*** Opening of Data segment ***

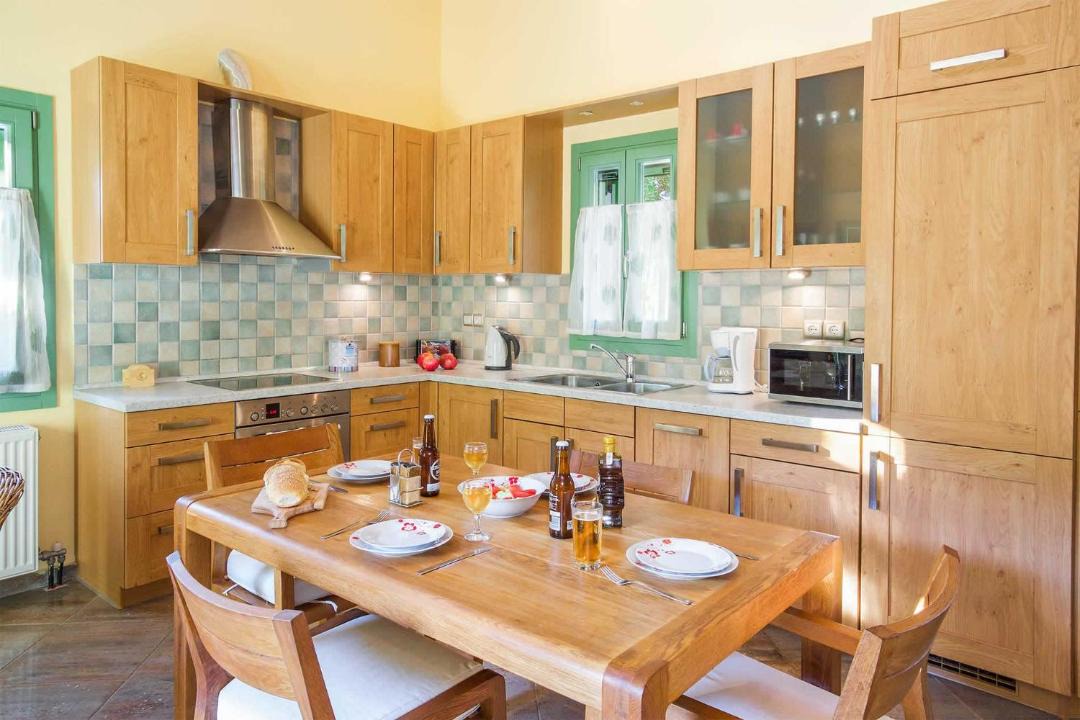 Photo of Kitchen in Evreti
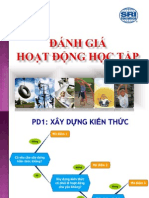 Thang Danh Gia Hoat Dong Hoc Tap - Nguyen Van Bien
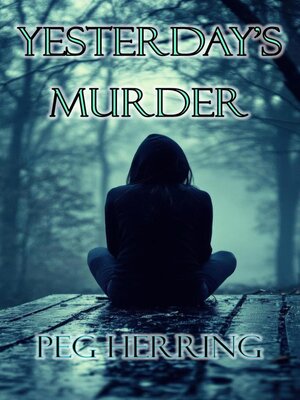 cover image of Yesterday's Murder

*** Close of Data segment ***

The task: Return each line of the data, keeping its wording exact and omitting pictures.

Output for this exercise:
 Photo of Kitchen in Evreti
 Thang Danh Gia Hoat Dong Hoc Tap - Nguyen Van Bien
 cover image of Yesterday's Murder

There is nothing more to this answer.